The story surrounds Chinese graduate student Liu Xing (played by Liu Ye) develops a dissertation on the theory of dark matter, a scientific model which in his mind explains how the universe works. Xing works under the tutelage of Professor Jacob Reiser (Aidan Quinn), and is acclimated to the American way of life by wealthy donor and Sinophile, Joanna Silver (Streep).
As Reiser begins to feel that Liu is getting a little too big for his britches, the promising young theorist is told to redo his calculations, is denied his doctorate and begins to lose control. Silver is looked to as a refuge, as she's championed his work, but even she cannot persuade the envious Reiser.
Liu goes on to shoot both Reiser and the other Chinese grad student whom Reiser and his colleagues favored. Again, far too similar to the tragedy at Virginia Tech to release in theaters around the same time.

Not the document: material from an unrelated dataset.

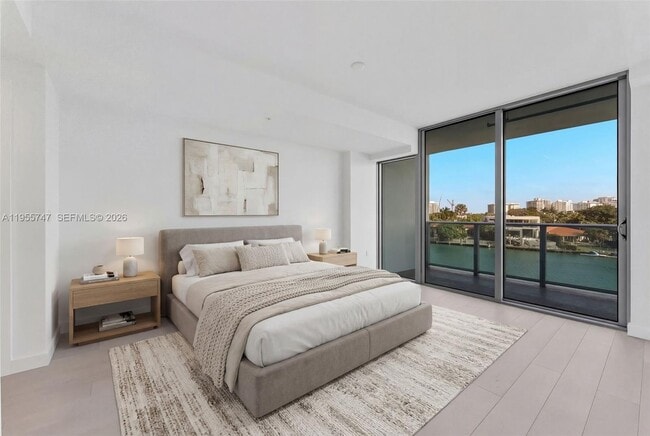 Foto del edificio - 9221 E Bay Harbor Dr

Streep filmed this movie summer around June 2006, right as both The Devil Wears Prada and A Prairie Home Companion were released in theaters. No one knew how successful Prada was going to be, so Streep had her 2006 shooting schedule peppered with four supporting roles in non-Oscar bait. Although I'm sure she'd say Dark Matter was a good script, my hunch is that she was possibly drawn just as much by the prospect of learing T'ai chi and speaking a bit of Mandarin. When else would she have the opportunity to try an East Asian language?! Knowing her preparation tendencies, I'm guessing she became a master at the martial art and semi-fluent in Standard Chinese.
As a first-time director, Chen Shi-zeng did an ok job. With a budget of about $5, I'm sure it's challenging do everything one wants to onscreen. The acting is fantastic and it's actually a touching, yet tragic story of how a brilliant young man saw no solution but violence to deal with his professional rejection.